[LISTED ENTRIES]
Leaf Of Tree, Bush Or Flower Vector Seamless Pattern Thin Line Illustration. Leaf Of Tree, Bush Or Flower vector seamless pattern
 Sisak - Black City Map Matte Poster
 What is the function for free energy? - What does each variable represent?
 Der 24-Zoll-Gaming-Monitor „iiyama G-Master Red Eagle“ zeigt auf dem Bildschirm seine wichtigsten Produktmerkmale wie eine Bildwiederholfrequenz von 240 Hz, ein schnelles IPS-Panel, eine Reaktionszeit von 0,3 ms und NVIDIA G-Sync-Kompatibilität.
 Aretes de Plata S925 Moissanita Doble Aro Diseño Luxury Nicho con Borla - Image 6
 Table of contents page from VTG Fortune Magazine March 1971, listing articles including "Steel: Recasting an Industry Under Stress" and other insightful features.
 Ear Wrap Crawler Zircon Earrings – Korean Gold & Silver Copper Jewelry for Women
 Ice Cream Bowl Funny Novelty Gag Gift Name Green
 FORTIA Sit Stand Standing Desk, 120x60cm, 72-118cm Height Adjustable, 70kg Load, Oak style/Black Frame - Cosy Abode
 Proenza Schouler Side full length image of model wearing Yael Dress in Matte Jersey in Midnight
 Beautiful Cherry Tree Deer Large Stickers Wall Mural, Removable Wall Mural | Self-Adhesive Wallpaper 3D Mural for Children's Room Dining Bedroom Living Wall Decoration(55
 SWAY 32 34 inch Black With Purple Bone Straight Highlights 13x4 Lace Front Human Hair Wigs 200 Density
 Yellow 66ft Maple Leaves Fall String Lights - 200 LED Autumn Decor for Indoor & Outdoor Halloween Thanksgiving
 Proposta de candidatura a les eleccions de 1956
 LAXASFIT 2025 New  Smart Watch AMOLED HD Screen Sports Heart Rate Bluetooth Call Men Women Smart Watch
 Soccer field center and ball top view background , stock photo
[/LISTED ENTRIES]
Output the lines above exactly, but only those between the line holding "Der 24-Zoll-Gaming-Monitor „iiyama" and the line holding "SWAY 32 34 inch", inclusive.

 Der 24-Zoll-Gaming-Monitor „iiyama G-Master Red Eagle“ zeigt auf dem Bildschirm seine wichtigsten Produktmerkmale wie eine Bildwiederholfrequenz von 240 Hz, ein schnelles IPS-Panel, eine Reaktionszeit von 0,3 ms und NVIDIA G-Sync-Kompatibilität.
 Aretes de Plata S925 Moissanita Doble Aro Diseño Luxury Nicho con Borla - Image 6
 Table of contents page from VTG Fortune Magazine March 1971, listing articles including "Steel: Recasting an Industry Under Stress" and other insightful features.
 Ear Wrap Crawler Zircon Earrings – Korean Gold & Silver Copper Jewelry for Women
 Ice Cream Bowl Funny Novelty Gag Gift Name Green
 FORTIA Sit Stand Standing Desk, 120x60cm, 72-118cm Height Adjustable, 70kg Load, Oak style/Black Frame - Cosy Abode
 Proenza Schouler Side full length image of model wearing Yael Dress in Matte Jersey in Midnight
 Beautiful Cherry Tree Deer Large Stickers Wall Mural, Removable Wall Mural | Self-Adhesive Wallpaper 3D Mural for Children's Room Dining Bedroom Living Wall Decoration(55
 SWAY 32 34 inch Black With Purple Bone Straight Highlights 13x4 Lace Front Human Hair Wigs 200 Density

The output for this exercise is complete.